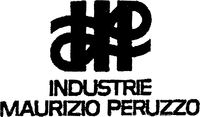 INDUSTRIE MAURIZIO PERUZZO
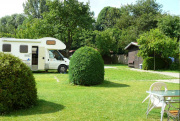 CAMP FREMUNT 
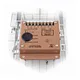 KSC2012S Generator Governor Reliable Power Control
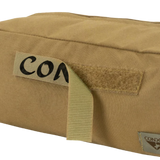Condor Kit Bag  (111146)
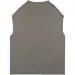 Nike High-Neck Tank (DN4059-012-M)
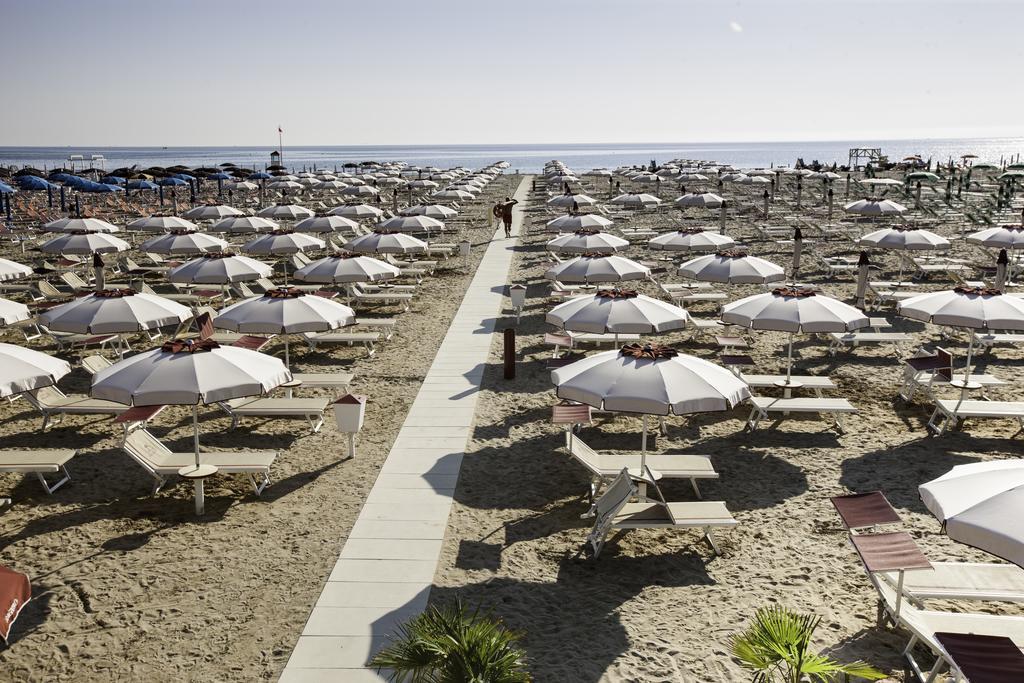 Fellini Appart hôtel 3*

_ _ _ _ _ _ _

Reproduce word for word the lines running from the line with "CAMP FREMUNT" through the end of the data, both included, and nothing else; leave out the pictures.

 CAMP FREMUNT 
 KSC2012S Generator Governor Reliable Power Control
Condor Kit Bag  (111146)
 Nike High-Neck Tank (DN4059-012-M)
 Fellini Appart hôtel 3*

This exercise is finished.